By using the LD structures actually observed in HapMap data, we concluded that Test 2–3, which has an extra interaction term as well as linear terms, provides reliable power in any disease model. This suggests that, in tests involving more than two markers, it may be reasonable to include interaction terms as well as linear terms. Of course, it is difficult to speculate as to which of the many possible interaction terms should be included. In fact, multi-marker models with interaction terms have been presented by several authors [Conti and Gauderman 2004; Cordell and Clayton 2002; Devlin, et al. 2003]. Conti and Gauderman [2004] compared various two-marker tests, some of which are equivalent to the tests in TABLE II. They introduced a modified interaction term and gained comparable power to the haplotype-based test. In this paper, we compared a different set of two-marker tests under a more comprehensive set of disease models. We also show how the interaction term may be interpreted as an LD contrast. Therefore, our results provide further support for the inclusion of interaction terms in multi-marker tests.

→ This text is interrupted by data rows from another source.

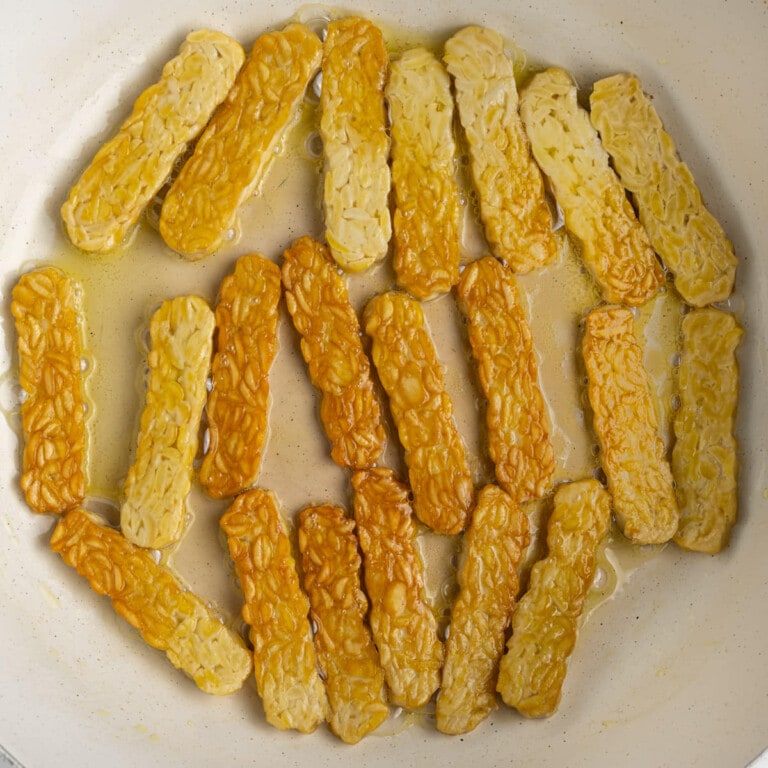 Frying tempeh in olive oil until both sides are golden brown.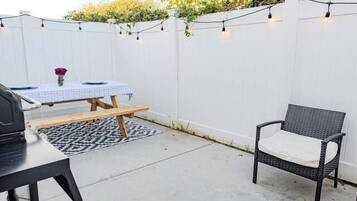 Een terras met een witte hek, een tafel met een blauwe tafelkleed, een stoel en een barbecue.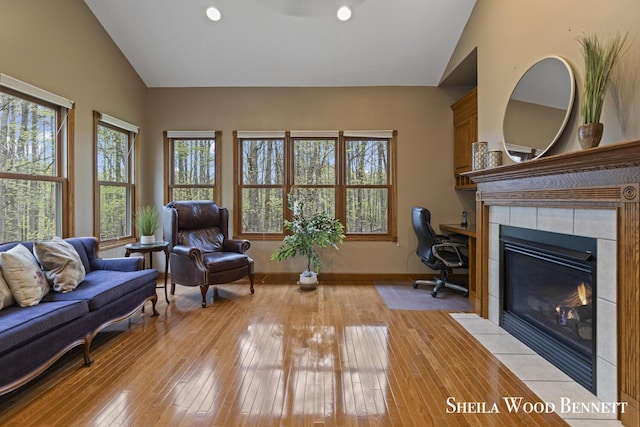 903 10 Mile Rd NW, Sparta, MI 49345 - living room with healthy amount of natural light, vaulted ceiling, light wood-style flooring, a tile fireplace, and recessed lighting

Interaction variables have been also included in association models for the purpose of evaluating a biological interaction, or epistasis [Cordell 2002; Wu, et al. 2008; Zhao, et al. 2006]. They are built for unlinked markers in two regions each of which has been shown to be associated with a disease. As opposed to this, our model concerns relatively close markers that may be in pairwise-LD or multi-dimensional LD. Of course, close markers may also have biological interaction, and distinguishing between these two possibilities to identify the true disease pattern is an area for future research. However, localization of disease SNPs is the first step in a genome-wide study, and here we have been concerned with the inclusion of interaction terms to increase power at this screening step.

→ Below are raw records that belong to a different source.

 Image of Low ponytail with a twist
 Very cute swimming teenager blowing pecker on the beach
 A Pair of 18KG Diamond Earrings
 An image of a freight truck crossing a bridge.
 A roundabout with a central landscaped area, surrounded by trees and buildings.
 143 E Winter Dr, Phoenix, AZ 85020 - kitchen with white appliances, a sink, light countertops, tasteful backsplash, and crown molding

We showed theoretically that the model with a linear term will fit well for a SNP in weak LD with a causal SNP, whatever the disease model, except a special case. However, for non-additive diseases, as the LD between a disease and marker SNP increases, a test that includes an extra quadratic term has more power than a test that does not. Therefore, as the markers become denser, a test that includes the quadratic term may be preferable. Although the power of the HWD and LD contrast tests were by themselves very low, when combined with the allele frequency contrast(s), the joint tests gained power. Therefore we conclude that it is not advisable for HWD or LD contrast tests to be used alone when conducting a whole genome-wide association study, but rather they should be used in conjunction with the allele frequency contrast test.

Our results showed that in most cases our genotype-based tests have greater power than a haplotype based test. The practical benefit of genotype-based tests is that they do not require phase inference. Estimating haplotypes for a genome-wide association study not only introduces another source of variation in the test, but it also entails significantly more analysis time. However, it should be noted that we only considered two-locus haplotypes and our power comparisons using HapMap data are valid under the assumption that a disease SNP would be part of the same LD pattern as neighboring marker SNPs. Specifying a more realistic distribution for a disease allele and its LD structure with marker alleles – perhaps, for example, using coalescent theory [Zöllner and Pritchard 2005] - could provide a fairer comparison of the tests in real data analysis.